We conducted some work, an analysis, into wait times late last summer because it was the number one complaint we did receive, and it's still the number one complaint. That report and work resulted in a number of recommendations to Veterans Affairs, particularly in relation to francophone veterans and women veterans and the fact that their wait times appeared to be longer. It's clearly an issue and clearly it's not acceptable for anybody, let alone veterans.
We hear two things. The first thing we hear from veterans is not necessarily about the amount of time they wait, but that they would like to be given a clear answer when they apply as to how long it will take for their case to be adjudicated. I met with a veteran last week who's been waiting 18 months, and his file has been at the same level for over a year, with no real information being provided. There's a frustration component.

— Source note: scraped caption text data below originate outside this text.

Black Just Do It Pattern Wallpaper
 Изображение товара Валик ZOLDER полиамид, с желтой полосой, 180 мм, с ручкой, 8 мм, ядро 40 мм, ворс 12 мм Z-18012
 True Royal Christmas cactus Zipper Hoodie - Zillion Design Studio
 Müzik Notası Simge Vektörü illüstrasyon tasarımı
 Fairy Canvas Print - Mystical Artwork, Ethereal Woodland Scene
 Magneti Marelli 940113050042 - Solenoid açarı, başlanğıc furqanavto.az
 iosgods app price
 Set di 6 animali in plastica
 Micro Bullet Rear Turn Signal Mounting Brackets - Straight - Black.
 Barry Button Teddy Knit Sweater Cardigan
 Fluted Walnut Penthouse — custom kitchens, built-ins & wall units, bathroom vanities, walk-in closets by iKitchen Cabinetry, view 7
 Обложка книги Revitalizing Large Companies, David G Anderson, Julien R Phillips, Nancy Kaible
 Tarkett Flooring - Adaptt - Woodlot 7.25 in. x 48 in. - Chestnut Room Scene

From my perspective, I think the most important thing—and our office has stressed this for a while—is treatment. While the file is being adjudicated and there's a delay for whatever reason, some veterans will be able to access treatment, while others won't, for a variety of reasons. It could financial. There could be a number of reasons. We'd like to see veterans having access to treatment as soon as possible. Perhaps we need to look at providing treatment from the date of application and not placing that burden of adjudication and how long it takes on the backs of the veterans. Put it on the back of the system and allow the veterans to access treatment as soon as they apply.
In terms of the approval rates, if you look at mental health diagnosis as an example, or PTSD, you'll see that first-time applications are approved at a rate of about 96%, and then those that might not be approved, that go to the Veterans Review and Appeal Board, are approved at some 40% on the first time through, and then 22% on the second. You could ask why we don't just approve 100% right away, and then look at perhaps an audit function at the other end.
There may be some risk in finding a way to allow veterans to access treatment right away, but I think the risk of having them wait far outweighs that.